Upgrading Cluster 1 and Cluster 2
First, we are well underway with the in-place upgrade. The most time consuming part of this process is migrating the vast amounts of data from one system to another, while keeping the transfer rates and load gentle enough not to cause any performance issues to everyday operation. At time of writing, 37% of Cluster 1 customers, and 44% of Cluster 2 customers have already been migrated.
About a month ago, we dramatically accelerated this process and have purchased 100% of the hardware needed to complete the project. We anticipate that the entire process should be completed by 06/2009. Most customers will be on the new architecture much sooner than that.
Next 30 days, Cluster-to-Cluster migration tools.
We have committed significant developer and administrator manpower to the development of Cluster-to-Cluster migration tools. Currently, it is possible to migrate yourself to a new cluster, utilizing the technique described in our Knowledge Base . This method is complex and not highly recommended. The first version of the migrator tool will eliminate a lot of the manual steps.
We have good technology today. But, there is more to come.
Our 2009 storage road map is exciting. As our new architecture continues to prove itself, we are not stopping development of new technologies.
- Storage segment fencing In our 2nd-generation system, storage segments are more individually isolated and overall less likely to cause system-wide disruptions. Additionally we are in the late development phase of special “fencing ” software which adds an additional layer of protection when storage malfunctions. This software keeps the cluster healthy and functional even during extreme cases of disk turbulence.
- Storage-Eye View Using the powerful insight given to us by DTrace, we are developing automators that actually solve storage issues without human intervention. These self-healing tools are also being leveraged to provide customers with new reports and details concerning the behavior of their applications. Awesome.
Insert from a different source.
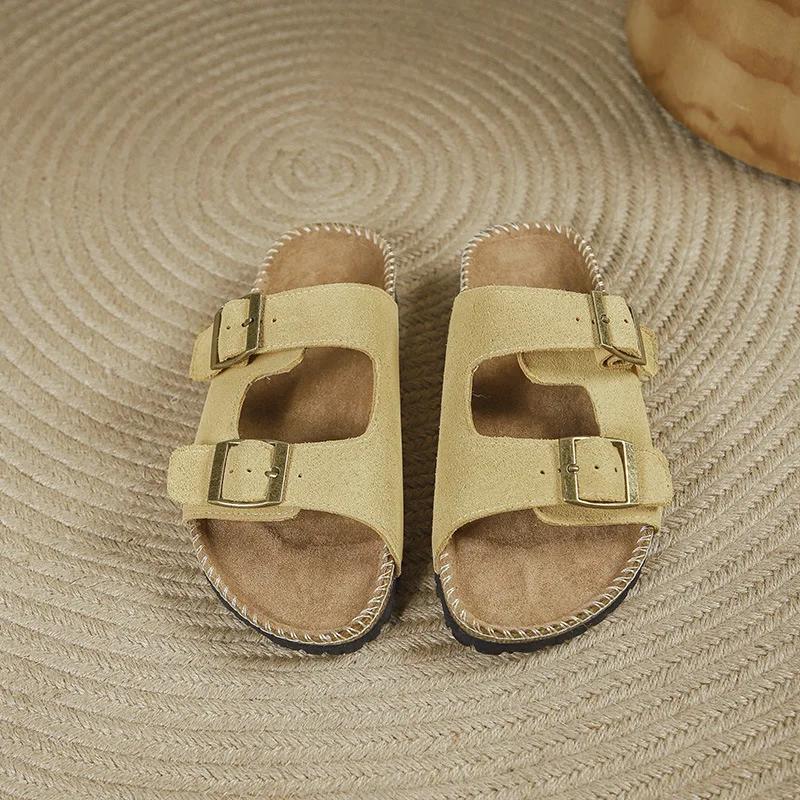 Модные летние женские тапочки 2024 года из коровьей замши, сандалии на плоской подошве с двумя пряжками для женщин, ретро-модные садовые мюли, сандалии-сабо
- SSD Sun is pioneering the integration of SSD (Solid State Disk ) technology in a very interesting way with their Hybrid Storage Pool products. We are currently experimenting with this technology in our labs. The results are looking fantastic.
A final note about redundancy
We would like to communicate the exact current high-availability (HA) status of clusters with in our GRID:
Currently HA:
- Every drive. We have 100% RAID through the system.
- Every server.
- For storage segments and all other critical servers we have full internal redundancy (power supplies, fans, etc.)
- Load balancer, networking, and hardware.
Currently Not HA:
- Intra-cluster networking equipment, including cables. We have hot spares that can be activated within 5-20 minutes, but it’s not HA. We are considering changing this in our (cs) product but we are still debating the uptime advantages.
- Storage segments. We can fail over to the backup if needed, and we can typically recover from any other non-catastrophic issue within 3-5 minutes.
- Individual MySQL servers and Containers.
Summary
We understand downtime may represent a once in a lifetime, non-retrievable instance, so we are committed to producing more stable, flexible and powerful hosting.
(mt) Media Temple has committed to communicating with our customers more effectively as well. Given our recent stumble we clearly need to improve our communication systems. Soon we will further integrate our information flows with rapid-broadcast systems like Twitter and VoIP. We’re going to keep looking for ways to get you information quickly.
(mt) Media Temple aims to be a proactive and agile company working to address the varied needs of our clients. This is a serious promise.
Thank you for your patience and continued business. We welcome your comments and feedback.